Newsletter 04/10

Banlieues Bleues: Festival Le Cap in Aulnay sous Bois

A musical encounter full of rhythm, mingling the musette waltz from the working-class neighbourhoods of a long-vanished Paris and the jazz of Sophiatown, the Johannesburg district famous during the 1950s, where Myriam Makeba made her career. Between them, Frenchman Braka and South African Carlo Mombelli have created a thrilling show.

Constantia wine, a great vintage with roots in French and South African history

One of the most famous wines on the world wine map comes from the Constantia Valley, just 8 km from the Cape of Good Hope.

In Les Fleurs du Mal (1857), Charles Baudelaire likened the taste of it to a beloved's kiss and ranked it on a par with a "Nuits" from Burgundy: "Je préfère au constance, a l'opium, aux nuits, L'élixir de ta bouche où l'amour se pavane, " he wrote, "Even more than Constantia, than opium, than Nuits, I prefer the elixir of your mouth, where love performs its slow dance."

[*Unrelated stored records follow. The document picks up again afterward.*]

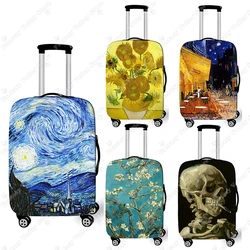 Oil Painting Starry Night By Van Gogh Luggage Cover Sunflower Cafe In Arles Travel Suitcase Covers Trolley Case Protective Cover
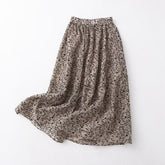 Jupe ample à filaments plissés, jupe en maille taille haute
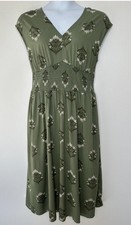 Women Old Navy L Olive Green Smocked W/Floral Design Midi Dress, Cottage Core
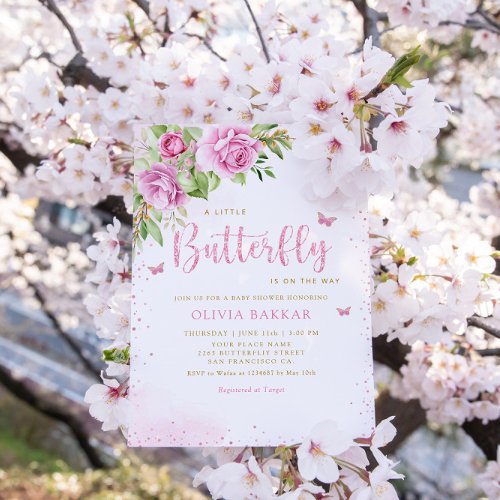 Boho Blush Pink Floral Butterfly Girl Baby Shower Invitation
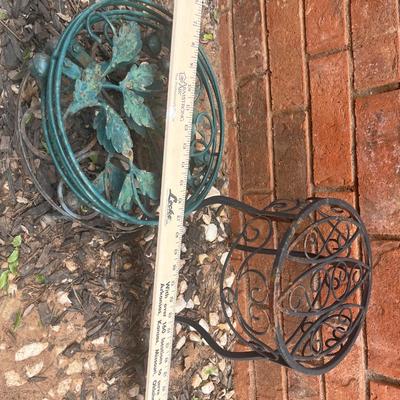 Sale Photo Thumbnail #367: 2 iron plant stands and 2 metal plant dollies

The first vintage wine from Constantia dates back to 1689. It is a dessert wine made from grape varieties descended from the Muscat de Frontignan variety grown in France.

The grapes ripen in February or March are left on the vine for a further four weeks and only harvested at the end of March or in early April.

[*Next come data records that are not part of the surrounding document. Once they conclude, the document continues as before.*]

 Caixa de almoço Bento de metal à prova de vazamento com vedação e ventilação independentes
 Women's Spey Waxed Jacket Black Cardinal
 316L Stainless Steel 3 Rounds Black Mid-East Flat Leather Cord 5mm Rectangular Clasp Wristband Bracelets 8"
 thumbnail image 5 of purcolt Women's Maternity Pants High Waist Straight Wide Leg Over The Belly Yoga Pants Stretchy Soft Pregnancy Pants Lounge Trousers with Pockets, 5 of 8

The resulting wine is stored in oak vats for two years to produce a rich, aromatic nectar. The deposed Emperor Napoleon, imprisoned on the island of Saint Helena in 1815, enjoyed a regular supply of the wine until his death in 1821.

Later, in 1833, King Louis-Philippe became one of the most prolific buyers of "Groot Constantia".

Such was the reputation of Constantia wine as evoked by the poet Baudelaire that France entered into a ten-year commercial treaty with Britain in 1860, to promote the export of French wines to London at the expense of Cape Province wines.

Under trade agreements with the European Union, it is now a simple matter to export wines from Constantia and the entire Cape region to Europe.

South African writers and Francophony

Most South African authors have a certain predilection for Paris.

Some have lived here, like Breytenbach or André Brink, and have an excellent command of the language.

Nobel literature laureate Nadine Gordimer is widely read here, and her work is inspired by Proust.

Eric Miyeni has also been won over, as the publication of his book, “A Letter from Paris” testifies.

So could South Africa be considered an honorary member of the francophone community?

The "Organisation Internationale de la Francophonie" (OIF), now celebrating its 40th anniversary, covers 70 countries with a total population of 870 million people, of whom 200 million are French-speakers.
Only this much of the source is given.